• [Your goal]
The lines from the one holding "Image 7 : Christian" to the final line of the listing below are to be duplicated exactly, with both ends included and pictures omitted.

### The data ###

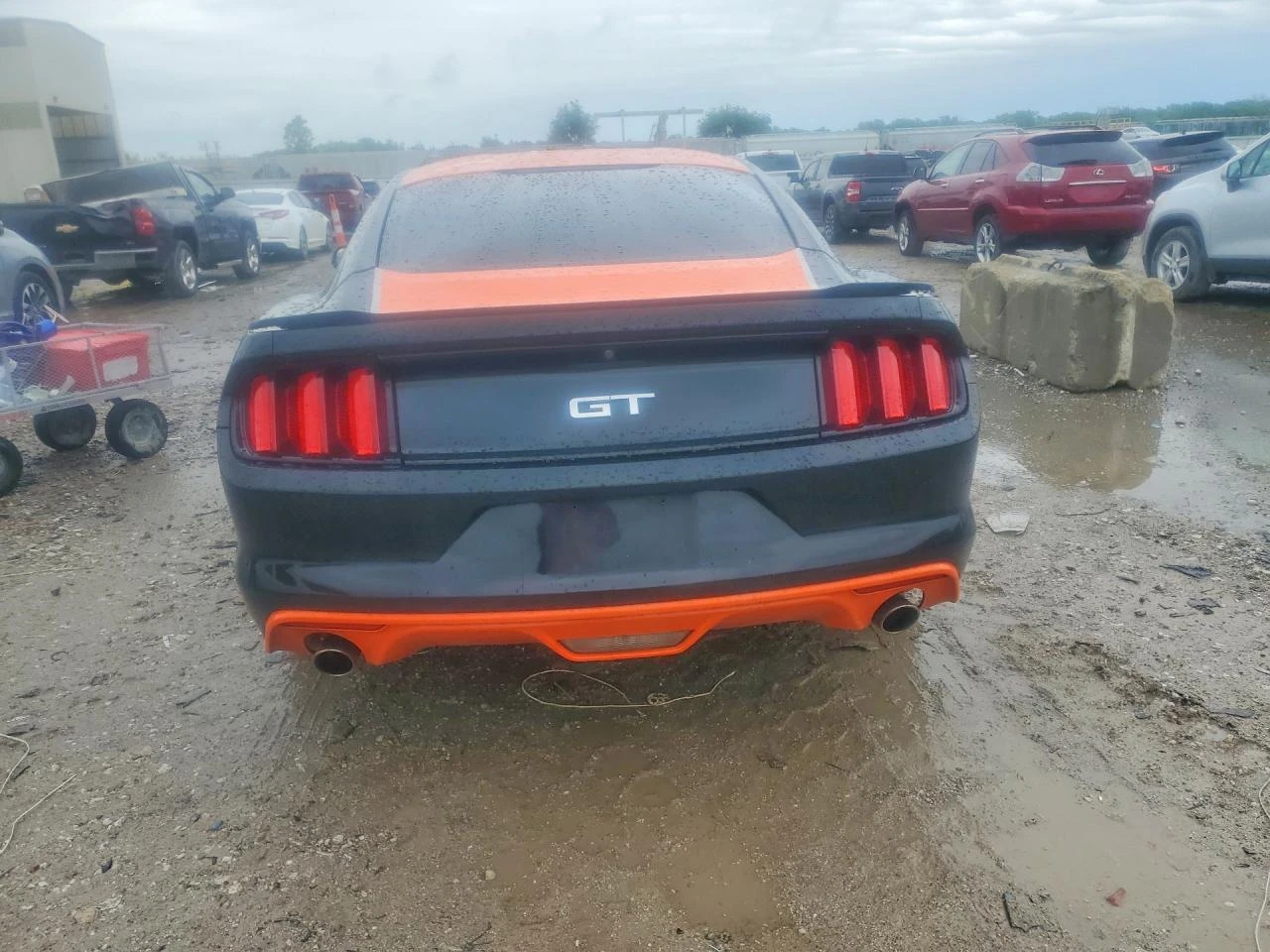 Ford Mustang GT 5.0 !!УНИКАТ!! #ПЪЛНО ОБОРУДВАНЕ# , снимка 5 - Автомобили и джипове - 55105731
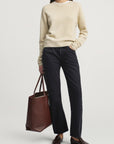 Nina Seamless Crewneck in Cashmere Wool
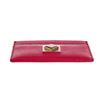 Image 7 : Christian Dior Pink Textured Leather Card Holder Wallet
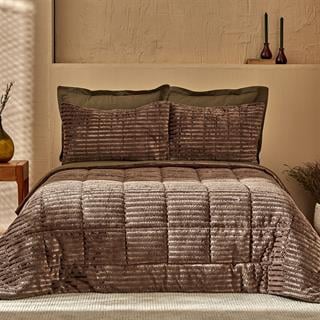 Karaca Home Monroe Çift Kişilik Pure Style Comfort Set Haki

###

• [Result of the exercise]
 Image 7 : Christian Dior Pink Textured Leather Card Holder Wallet
 Karaca Home Monroe Çift Kişilik Pure Style Comfort Set Haki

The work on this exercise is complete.